In the Encyclopedia of Occultism and Parapsychology, the cambion is again said to be the direct offspring of the incubus and the succubus, forgoing any need for human involvement. This same incarnation retained the absence of breath or a pulse until seven years of age, but was said to also have been incredibly heavy (even too heavy for a horse to carry) and to have cried upon being touched.

== Human–demon hybrids ==
Since at least the 19th century, "cambion" has taken on a further definition: the child of an incubus or a succubus with a human parent. In 1874, Victor Hugo's Toilers of the Sea defined a cambion as the son of a woman and the devil. It also appeared as a hybrid of human and demon in Dungeons & Dragons' 1983 Monster Manual II.

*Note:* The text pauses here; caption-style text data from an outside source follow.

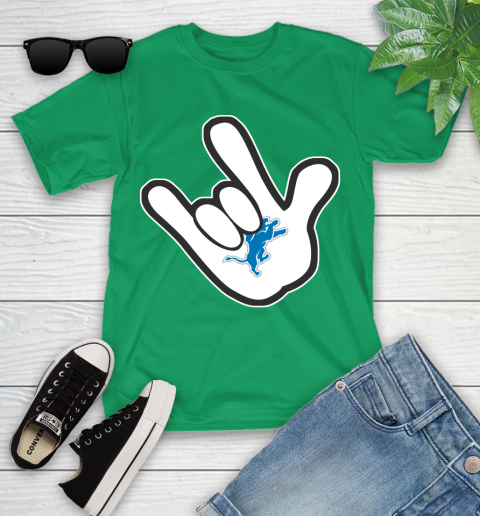 Detroit Lions NFL Football Mickey Rock Hand Disney Youth T-Shirt 6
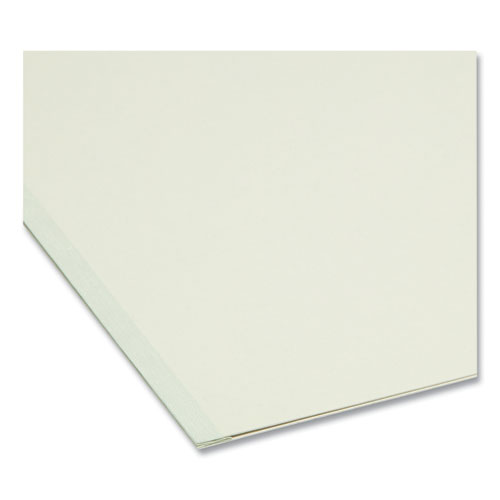 Image of Smead™ Expanding Recycled Heavy Pressboard Folders, 1/3-Cut Tabs: Assorted, Letter Size, 1" Expansion, Gray-Green, 25/Box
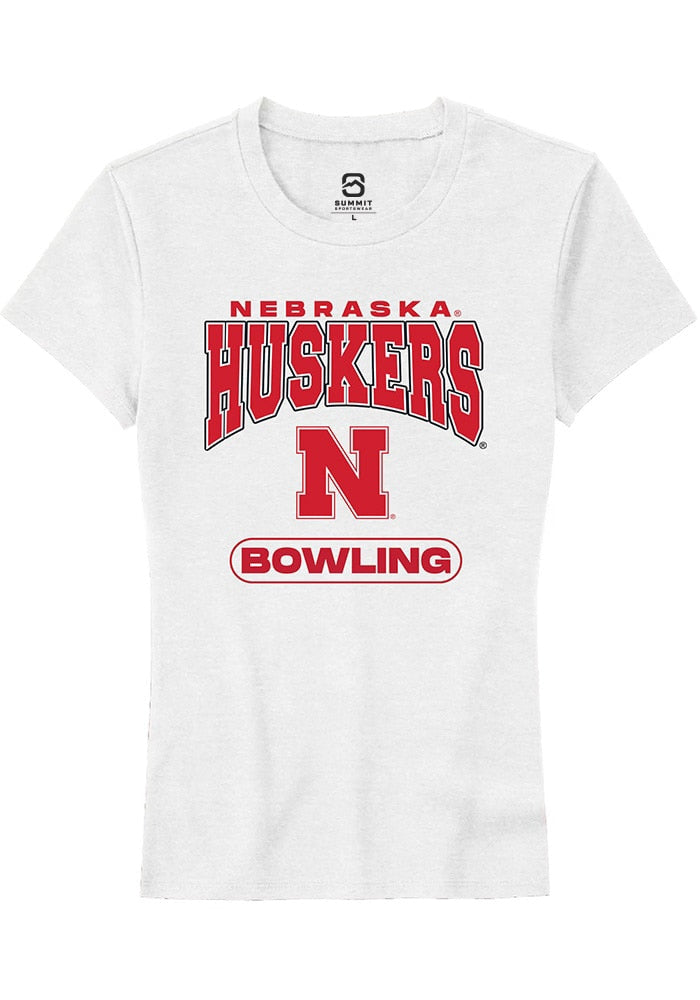 Nebraska Cornhuskers Womens White Bowling Short Sleeve T-Shirt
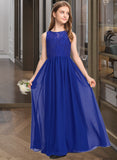 Precious A-Line Scoop Neck Floor-Length Chiffon Lace Junior Bridesmaid Dress STAP0013469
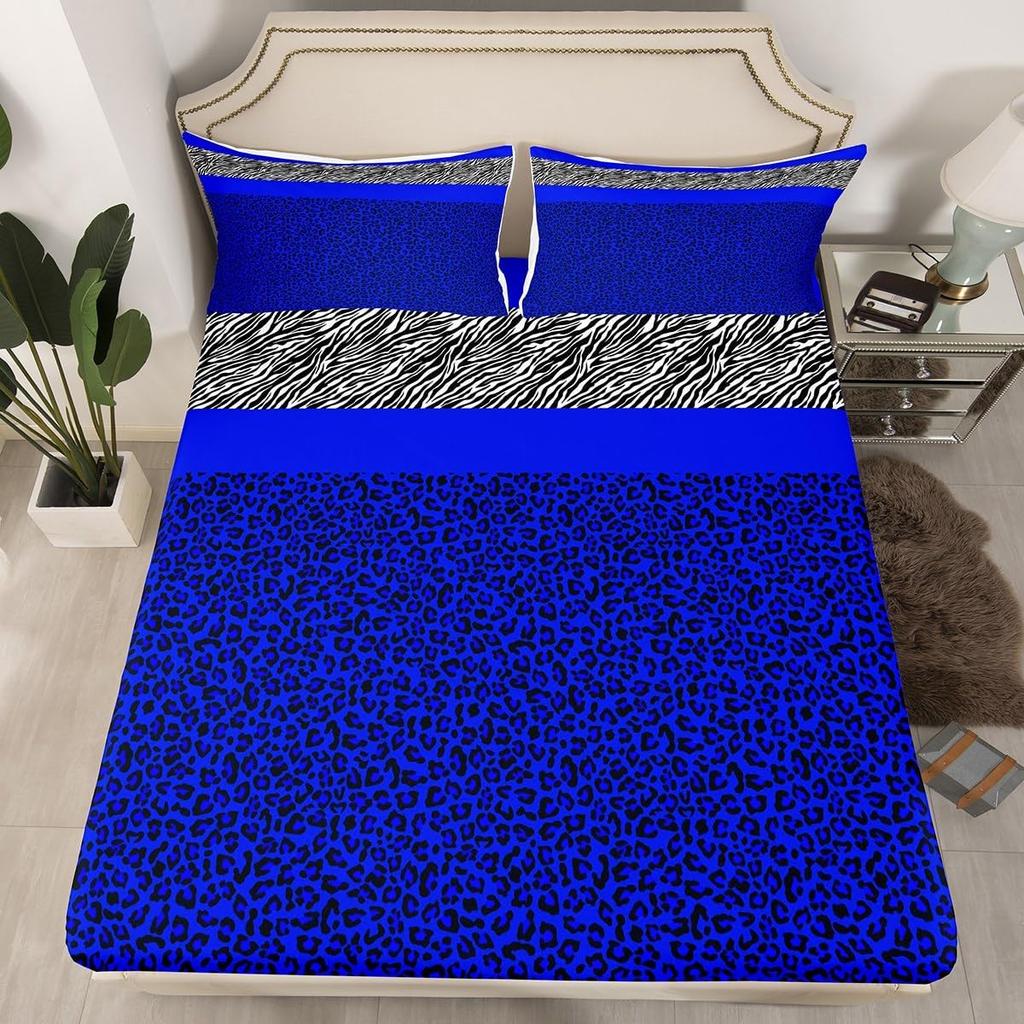 Leopard Kids Fitted Sheet, Black White Striped Bed Cover with Pillowcases, Animal Print Bedding Set for Boys Girls Room Decor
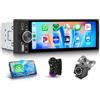 Rimoody Autoradio 1 Din con Wireless Carplay Android Auto iOS/Android Mirror Link, 6.28 Pollici Touchscreen Autoradio con Bluetooth 5.2 FM Radio USB/AUX/EQ Comandi al Volante Telecamera Posteriore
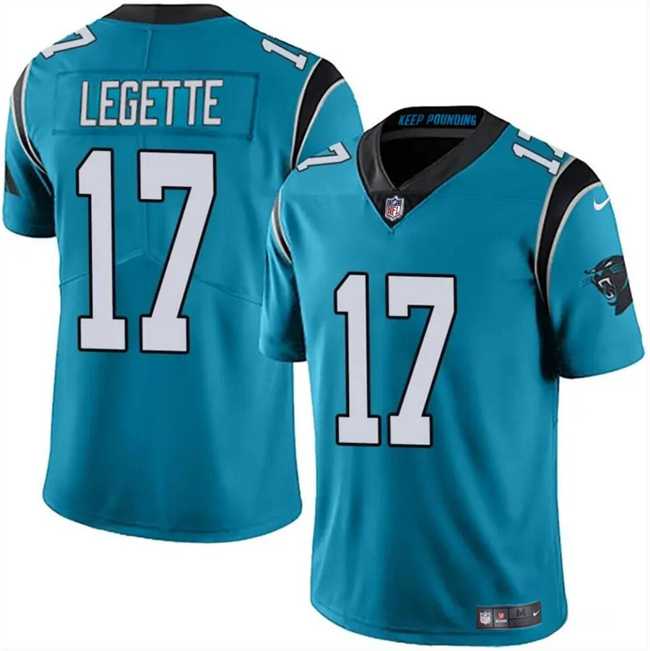 Youth Carolina Panthers 17 Xavier Legette Blue 2024 Draft Vapor Limited Stitched Jersey Dzhi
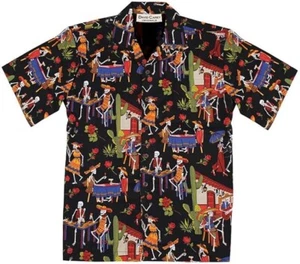 David Carey Originals Day of The Dead Skeletons Hawaiian Shirt Men's Large - Picture 1 of 3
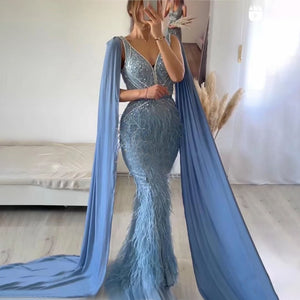 Women's Polyester Sleeveless Luxury Mermaid Backless Party Dress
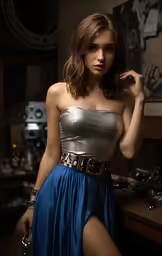 a young woman posing wearing a silver top and blue skirt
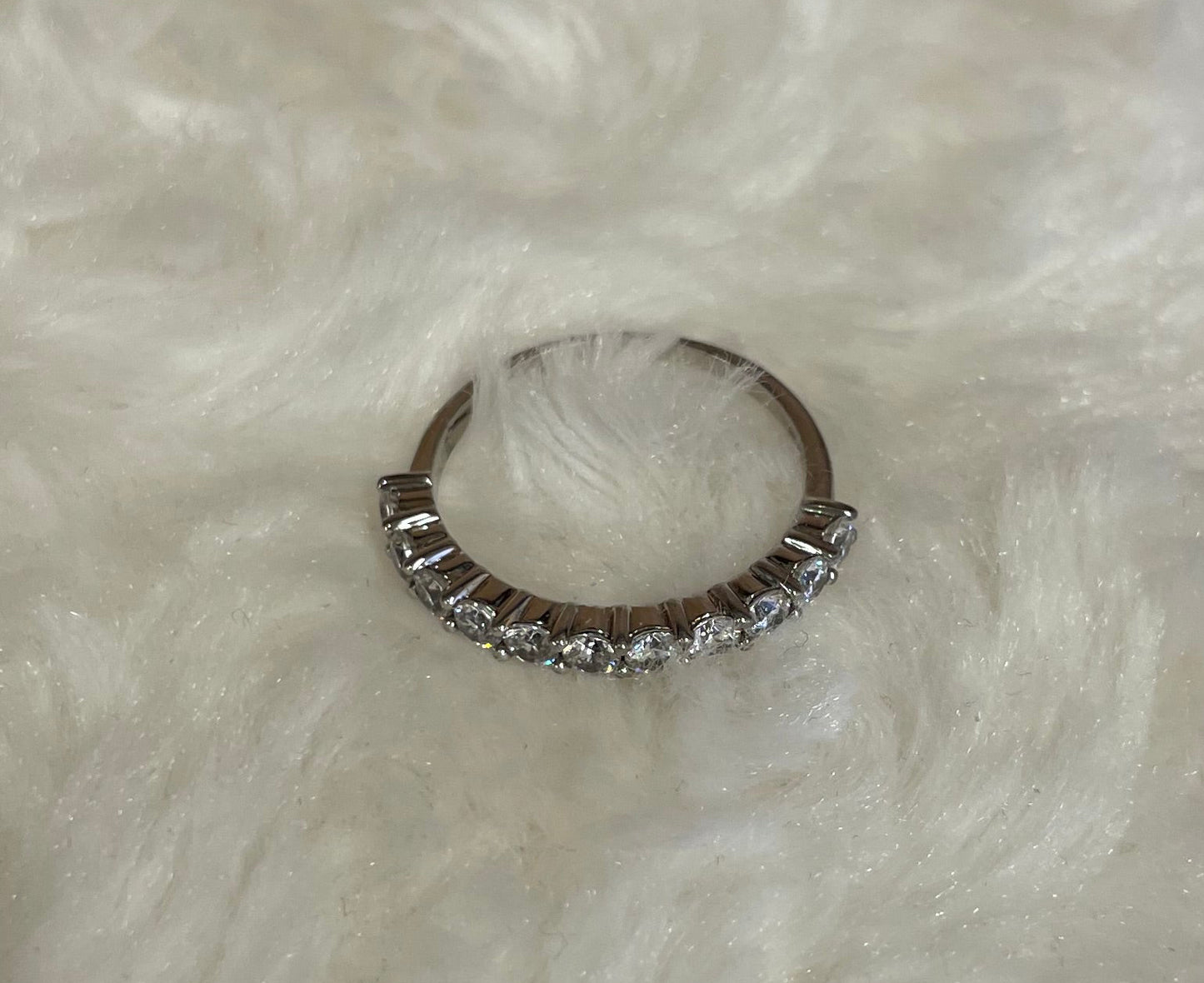Half Eternity Ring with Cubic Zirconias - Rhodium Plated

The concept of offspring born to humans and demons was a subject of debate in the Middle Ages, but did not have a widely accepted name. The influential Malleus Maleficarum, which has been described as the major compendium of literature in demonology of the fifteenth century, states that demons, including the incubus and the succubus, are incapable of reproduction:

Moreover, to beget a child is the act of a living body, but devils cannot bestow life upon the bodies they assume; because life formally proceeds only from the soul, and the act of generation is the act of the physical organs which have bodily life. Therefore bodies which are assumed in this way cannot either beget or bear.

Because of this inability to create or nurture life, the method of the creation of a cambion is necessarily protracted. A succubus will have sexual relations with a human male and so acquire a sample of his sperm. This she will then pass on to an incubus, who then corrupts and strengthens the seed. The incubus will, in his turn, transfer this sperm to a human female and thus impregnate her.

Yet it may be said that these devils assume a body not in order that they may bestow life upon it, but that they may by the means of this body preserve human semen, and pass the semen on to another body.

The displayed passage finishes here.